Sometime after I met him, Mottele had fallen in love with a woman named Zina, who was known for her beauty. She was blonde, tall and the daughter of a rich Warsaw family. One year, she was elected the Queen Esther of the Yiddish literary masked ball. She had married and divorced a rich young man, a lawyer. From her parents, she had inherited a large sum of money that evaporated with inflation. Zina was a distant relative of Mottele's. They had a large, noisy wedding.
Those who knew the bride and the groom foresaw that the match wouldn't last long. Mottele was gentle and weak, while Zina was robust. Her first husband, the lawyer, said openly that his ex-wife was a nymphomaniac. There were rumors in the Writers' Club that she had invited all her former lovers to the wedding. An intimate friend had learned that Zina confessed all her sins to Mottele but he contended that he was not jealous about the past and that he would give her full freedom in the future. Mottele was supposed to have told her, ''The roots of both of our souls are in the sephira of splendor, and in those spheres, sins are virtues.''
One of Zina's lovers, whom she was supposed to have cared for most, was the writer Benjamin Rashkes. She told Mottele that she could never forget Rashkes. When he was forced to move from his bachelor's furnished room because he had impregnated the maid in his boarding-house, Zina offered him a study in her new, spacious apartment. She put in a sofa, a writing table and even a Yiddish typewriter imported from America so that Rashkes could work there whenever the Muse granted him inspiration. The trouble was that he was less and less inspired to write. He poured all his energies into so many would-be love affairs that he had no time for anything else.
There was constant talk in the Writers' Club about the triangle of Mottele, Zina and Rashkes. Even though Rashkes promised Zina to avoid the Writers' Club and do his work, he came to the club every day and spent all the time on the telephone. Closing the door of the phone booth, he went on whispering his unending love declarations. Rashkes maintained that monogamy had destroyed eroticism. Men and women are not jealous by nature; the only thing they dislike is to be deceived. Also, they prefer the truth to come to them in small portions and as a part of the love-play. Rashkes was telling his colleagues that many men enjoy sharing their wives with the right kind of lovers and that his ideas were based on his personal experience. The husbands of his paramours were all his friends and admirers, he said. They often reproached him for neglecting their wives. Rashkes claimed that he kept peace between his lovers and their husbands.

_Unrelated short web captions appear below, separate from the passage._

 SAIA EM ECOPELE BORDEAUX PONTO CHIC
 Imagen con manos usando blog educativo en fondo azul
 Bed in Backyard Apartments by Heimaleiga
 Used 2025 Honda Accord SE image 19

A year did not pass before the gossips in the Writers' Club had a new sensation to talk about. Zina had become seriously enamored of a known Communist leader, Leon Poznik. The Trotsky purges had been in progress in Russia for some time, but Poznik remained an ardent Stalinist. He was the editor of two Communist magazines; one in Polish and one in Yiddish. The Defensywa, the Polish political police, had arrested Poznik a number of times, but they always released him. They were not interested in keeping the leftist leaders in prison too long. Poland was officially a democracy. One could not jail people on the basis of their convictions. Besides, the leaders of the Defensywa did not want to root out communism in Poland and put themselves out of jobs. As for Poznik, he needed those short imprisonments to add to his prestige in the party and in the Soviet Union. He boasted about his courage during the interrogations, describing how well he lectured to the Polish fascists about Leninism. However, the comrades called him, jokingly, the ''Polish Lunacharsky''--a Communist of talk, not of deeds.

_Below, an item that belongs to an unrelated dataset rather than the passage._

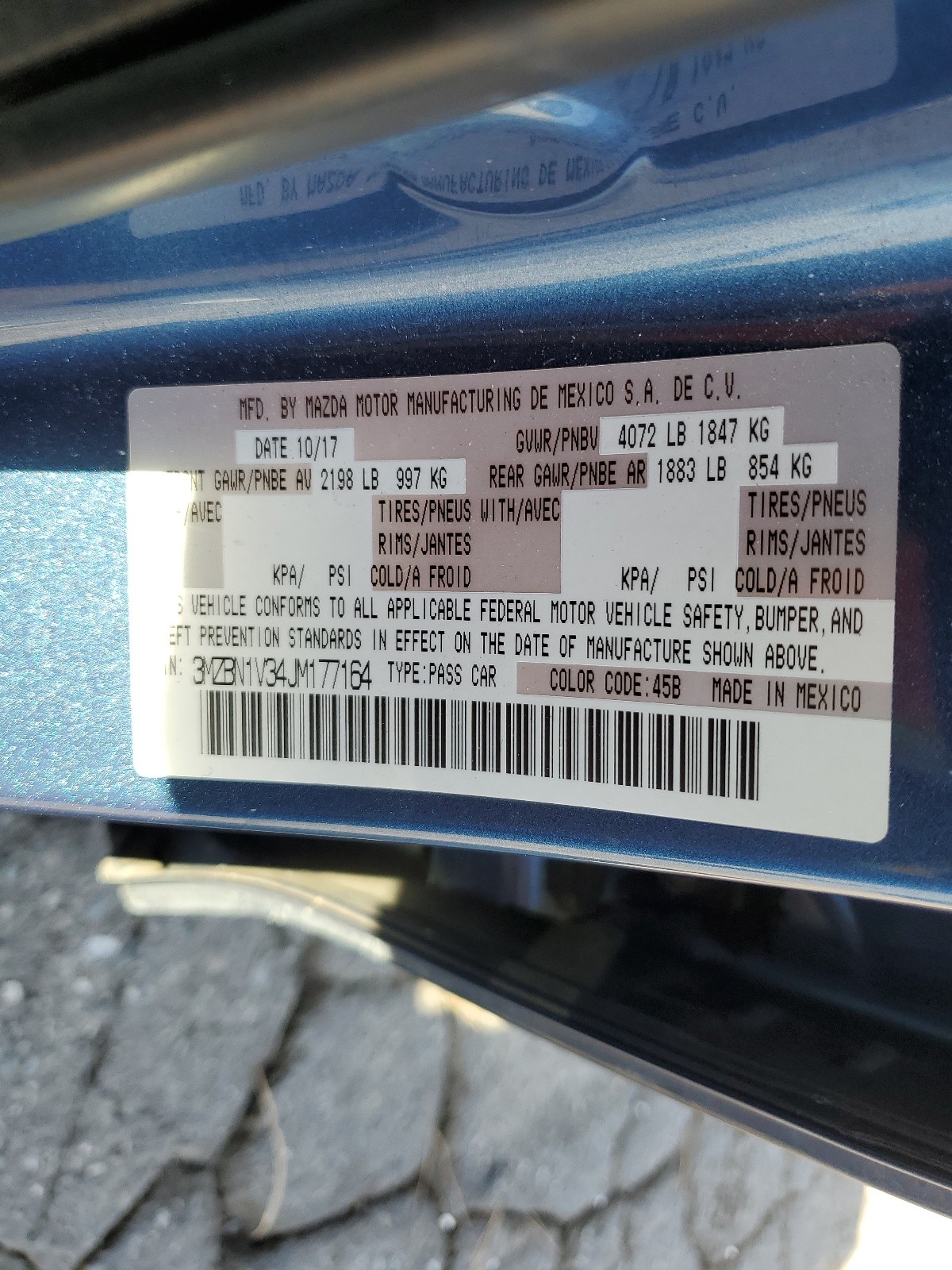 3MZBN1V34JM177164 2018 Mazda 3 Touring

Poznik was broad-shouldered, small and wore shoes with elevated soles and heels. His eyes, behind the horn-rimmed glasses with their thick lenses, seemed to sparkle with a light of their own. I often imagined that all the victories of world communism shone through those glasses.
That Zina should fall in love with Poznik seemed unbelievable. He had a wife, a Communist functionary who had been sentenced to five years in prison. He bragged about his affair with an important woman in Moscow, where he was invited every few months. Besides, Zina had never shown any interest in politics. She had been at one time a disciple of the celebrated medium Kluski, who specialized in materializing spirits of the dead. It was her fascination with the occult that initially attracted her to Mottele. But who can fathom the ways of love? It became known in the Writers' Club that Zina now took part in all of Warsaw's leftist activities. The leftists published interviews with her in their magazines. She put on a leather jacket, the kind worn by the functionaries of the Cheka, the Soviet political police. She sold her jewelry for the support of political prisoners. Zina had revealed to someone that the Defensywa had summoned her for an interrogation and that she had been kept overnight in the arrest house on Danilowiczowska Street where suspects were held. There was a saying in the Writers' Club that communism was like influenza; everybody had to go through it sooner or later.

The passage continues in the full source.